*** RECORDS PROVIDED Section Begins ***

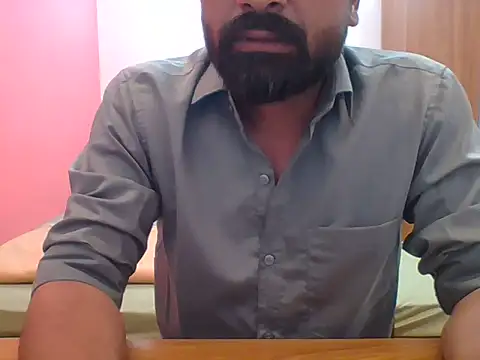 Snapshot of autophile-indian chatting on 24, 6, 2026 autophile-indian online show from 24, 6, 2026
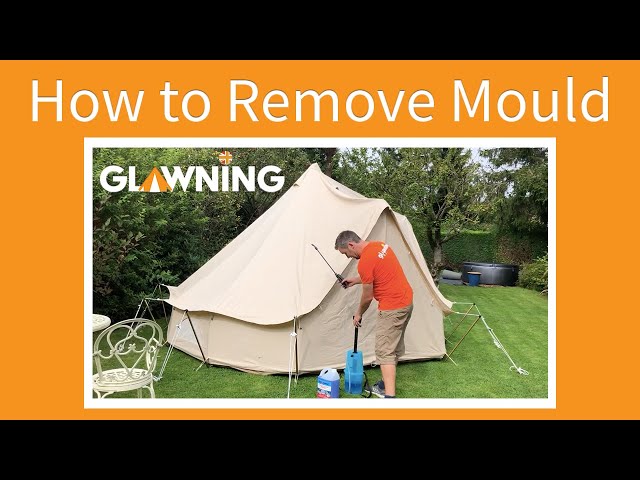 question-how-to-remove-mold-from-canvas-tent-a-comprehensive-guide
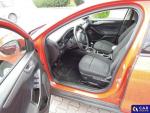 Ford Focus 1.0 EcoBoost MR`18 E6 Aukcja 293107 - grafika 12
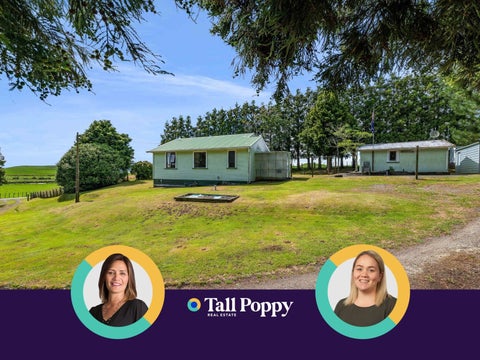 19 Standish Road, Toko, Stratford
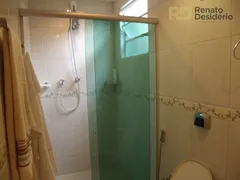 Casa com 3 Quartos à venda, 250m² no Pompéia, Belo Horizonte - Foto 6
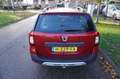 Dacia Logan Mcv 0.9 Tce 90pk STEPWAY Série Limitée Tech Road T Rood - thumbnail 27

*** RECORDS PROVIDED Section Ends ***
*** RECORDS PROVIDED Section Begins ***

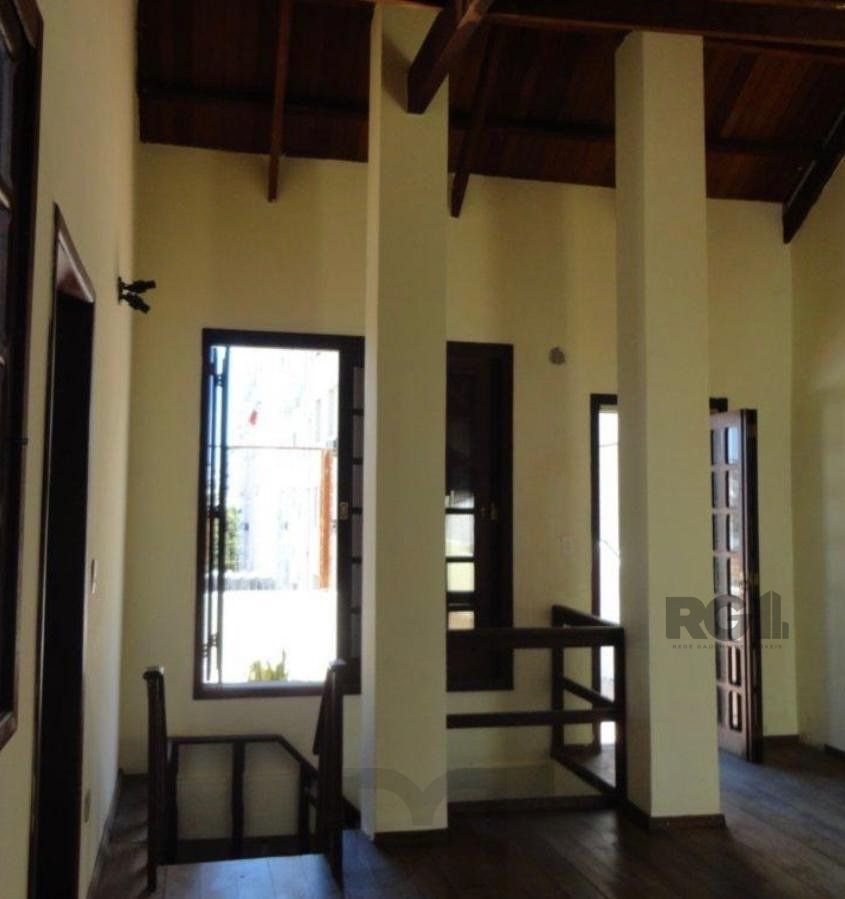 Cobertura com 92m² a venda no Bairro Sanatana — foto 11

*** RECORDS PROVIDED Section Ends ***

Of the lines above, quote exactly those from the one with "19 Standish Road, Toko, Stratford" through the one with "Dacia Logan Mcv", ends included; pictures stay out.

 19 Standish Road, Toko, Stratford
 Casa com 3 Quartos à venda, 250m² no Pompéia, Belo Horizonte - Foto 6
 Dacia Logan Mcv 0.9 Tce 90pk STEPWAY Série Limitée Tech Road T Rood - thumbnail 27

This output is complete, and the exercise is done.